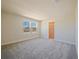 Bedroom filled with natural light, featuring large windows and access to a walk-in closet at 5074 Sparkling Water Way, Kissimmee, FL 34746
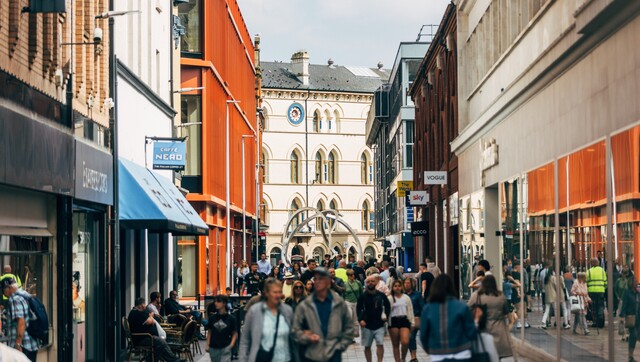 Crowds of people enjoying Belfast city centre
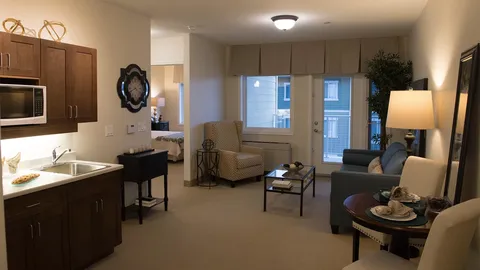 Suite kitchenette and seating area beside windows.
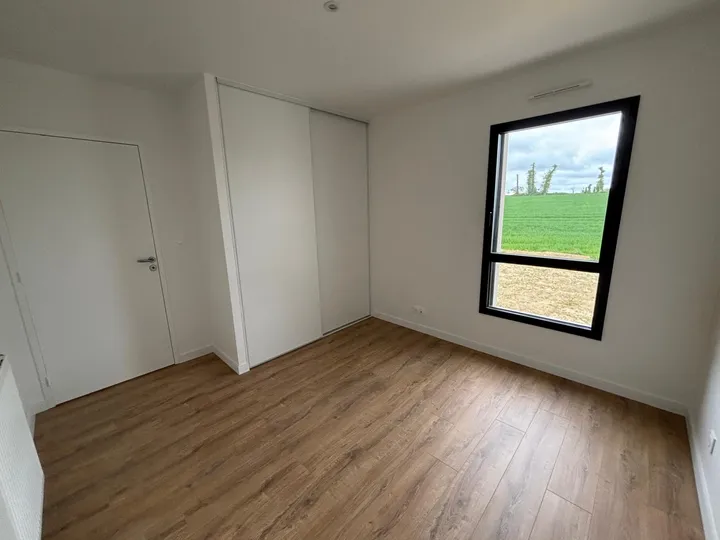 Revêtement de sol aspect bois dans une chambre claire avec placard et fenêtre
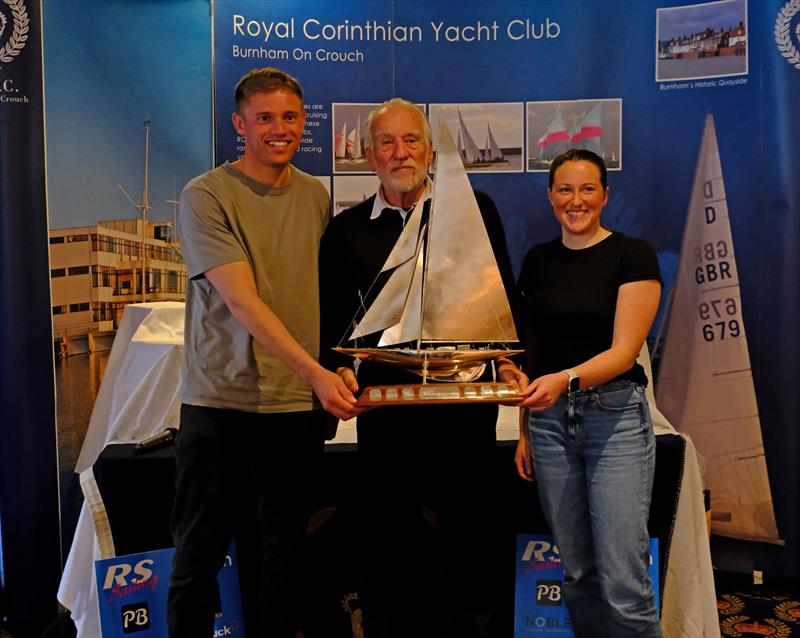 Edwin Buckley (event director and race officer) presents Oliver Groves and Esther Parkhurst with the Endeavour Trophy photo copyright Roger Mant Photography taken at Royal Corinthian Yacht Club, Burnham and featuring the RS200 class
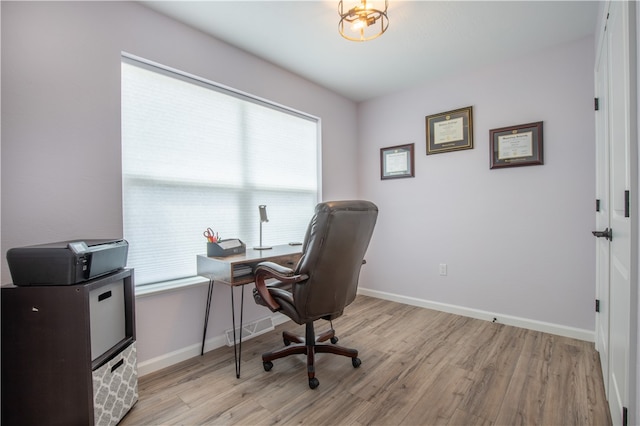 office area with light wood-type flooring and a wealth of natural light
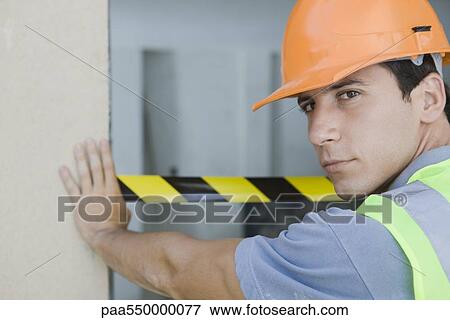 Stock Photo - "Worker placing safety tape across doorway, looking over shoulder at camera". Fotosearch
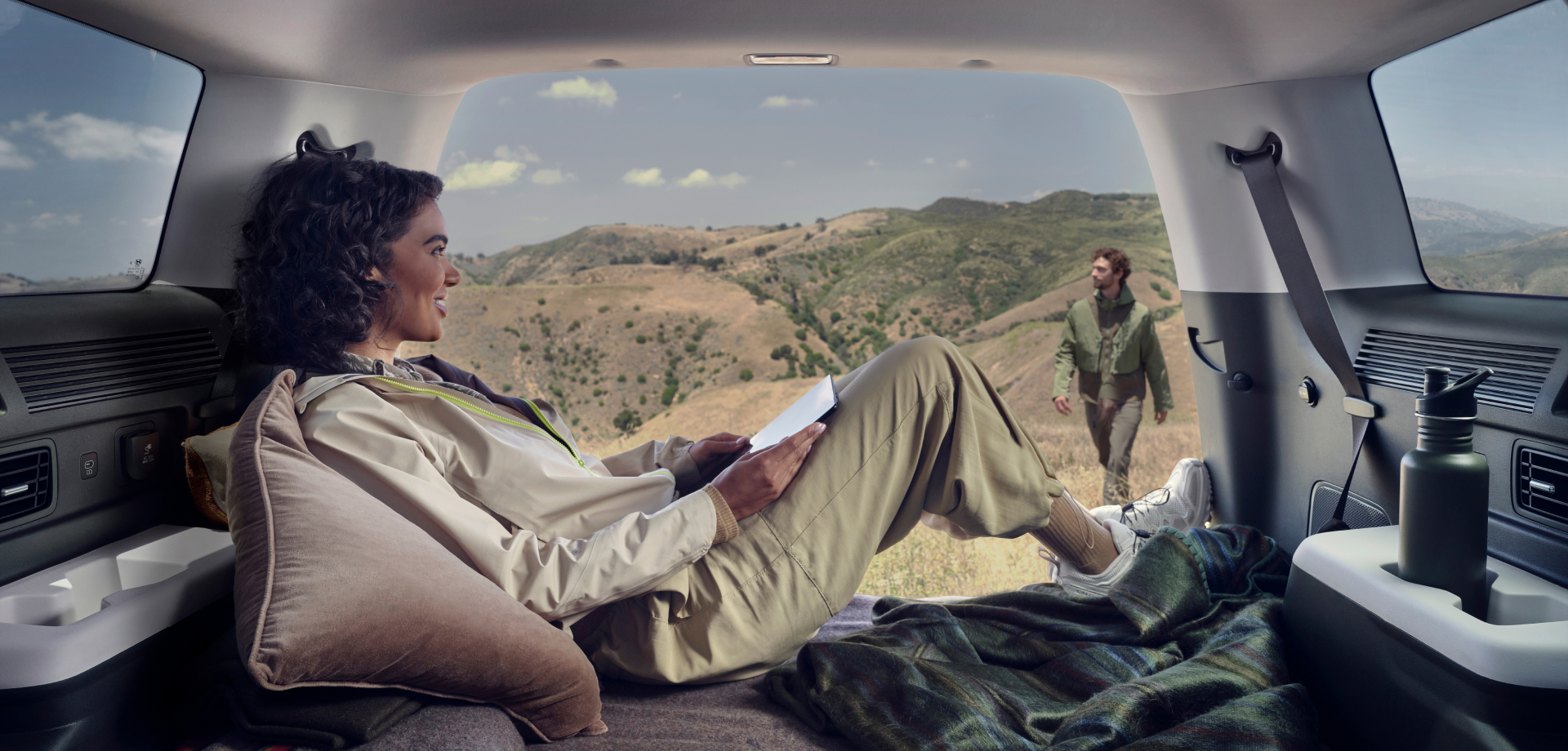 Woman relaxing in Hyundai Santa Fe's cargo area.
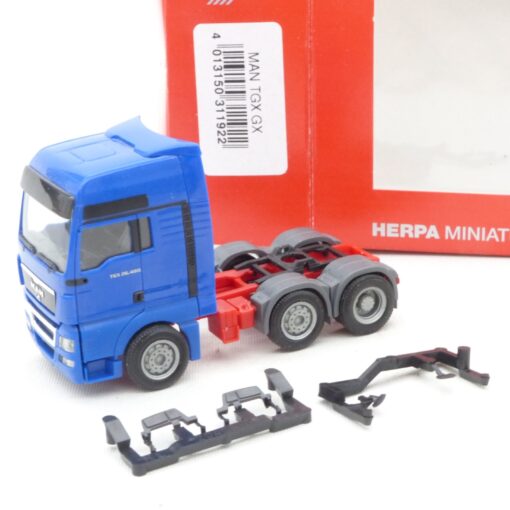 Herpa 1:87 MAN TGX 26.460 Zugmaschine blau in EVP EX6927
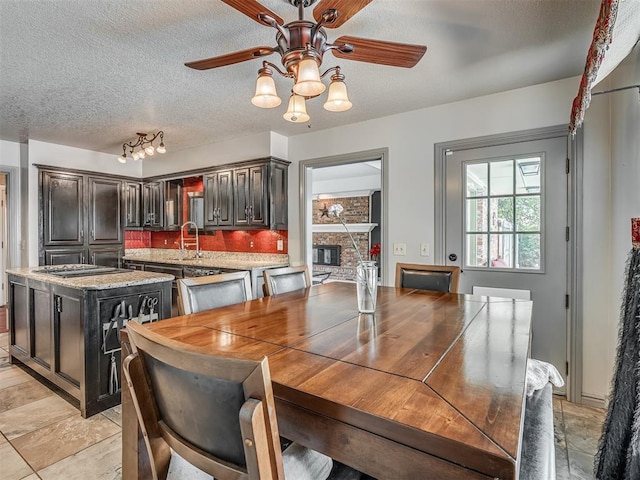 1409 Echohollow Trl, Edmond, OK 73025 - dining room featuring ceiling fan, a textured ceiling, a large fireplace, and light stone finish floors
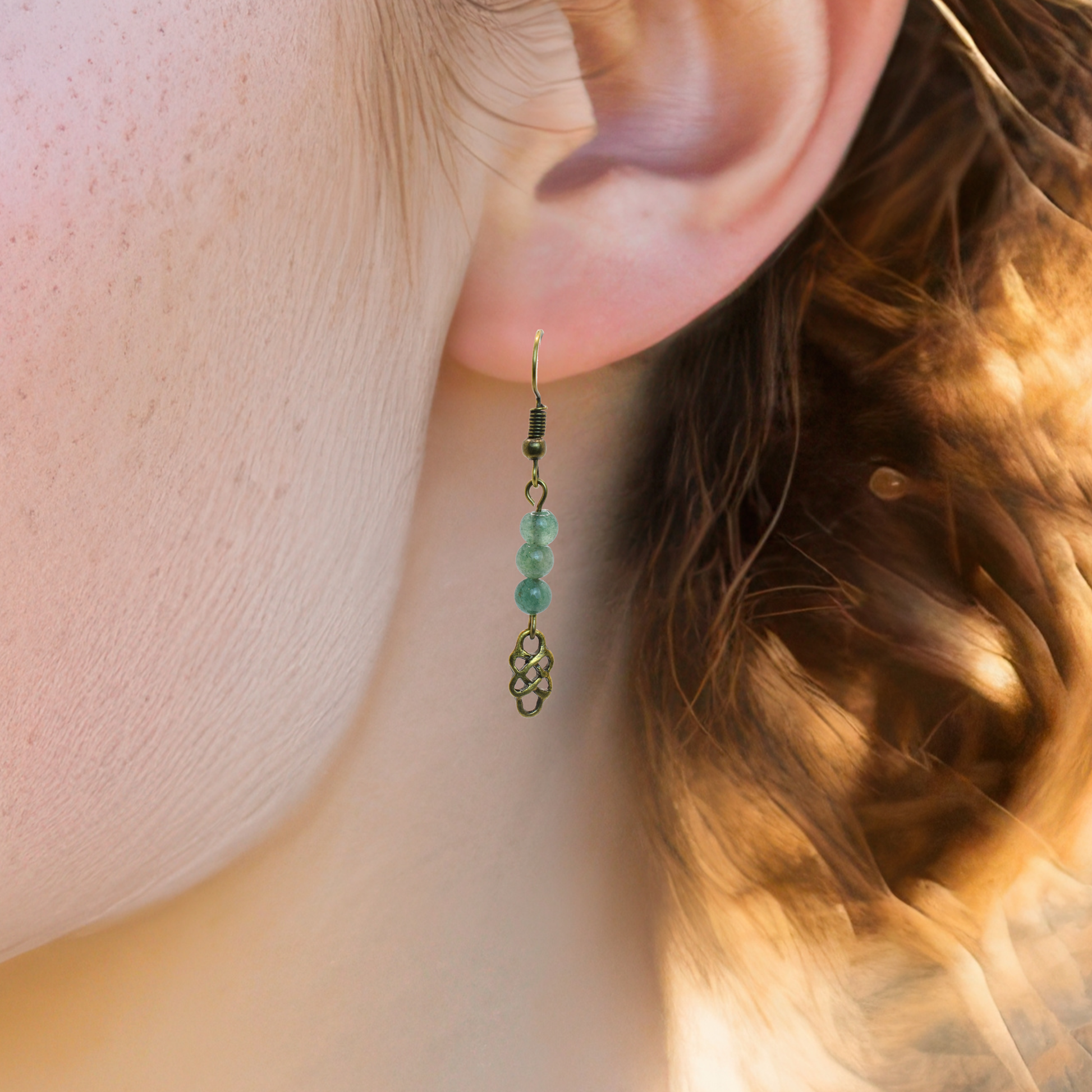 Close-up of an ear wearing a green beaded earring with a blurred background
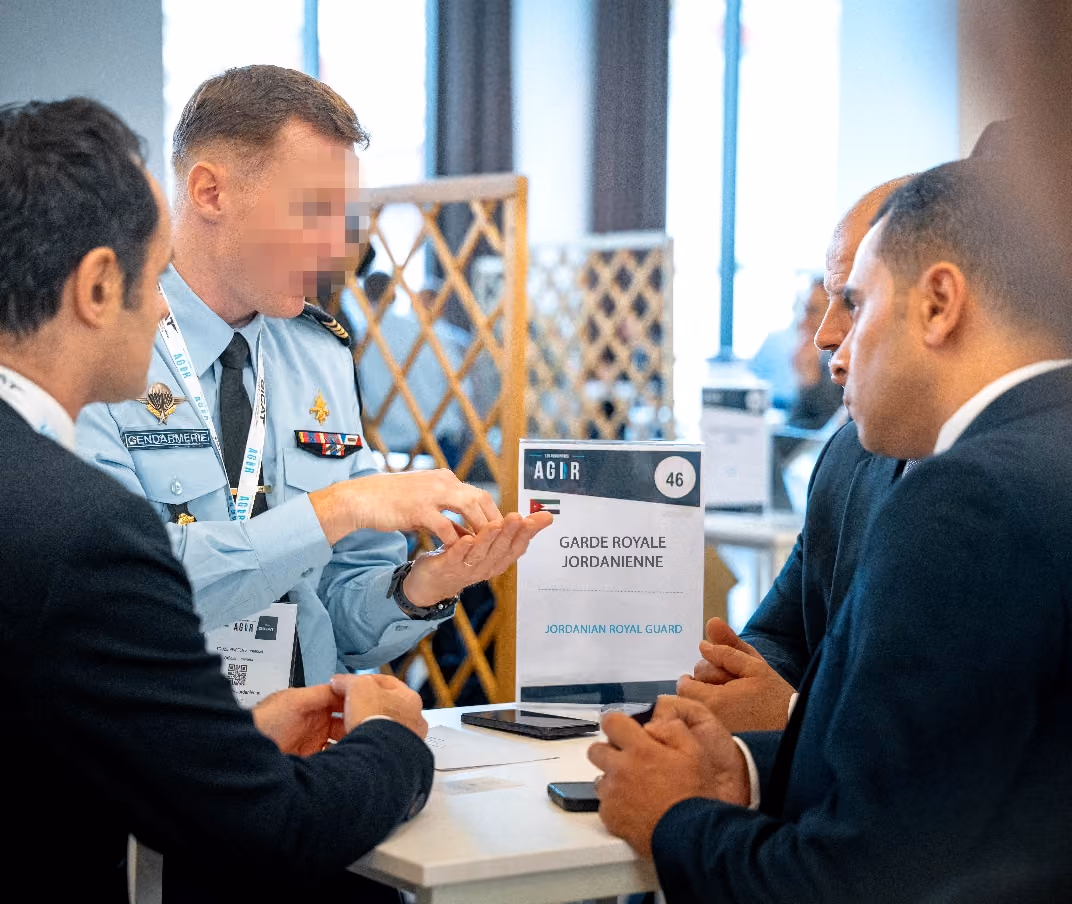 Quatre hommes discutent autour d'une table avec un panneau indiquant Garde Royale Jordanienne.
*****
— WHAT YOU NEED TO DO —
Using the material above, transcribe exactly the lines from the one holding "Edwin Buckley (event" to the one holding "Herpa 1:87 MAN", both ends kept. Do not carry over any pictures.

— SOLUTION BELOW —
 Edwin Buckley (event director and race officer) presents Oliver Groves and Esther Parkhurst with the Endeavour Trophy photo copyright Roger Mant Photography taken at Royal Corinthian Yacht Club, Burnham and featuring the RS200 class
 office area with light wood-type flooring and a wealth of natural light
 Stock Photo - "Worker placing safety tape across doorway, looking over shoulder at camera". Fotosearch
 Woman relaxing in Hyundai Santa Fe's cargo area.
 Herpa 1:87 MAN TGX 26.460 Zugmaschine blau in EVP EX6927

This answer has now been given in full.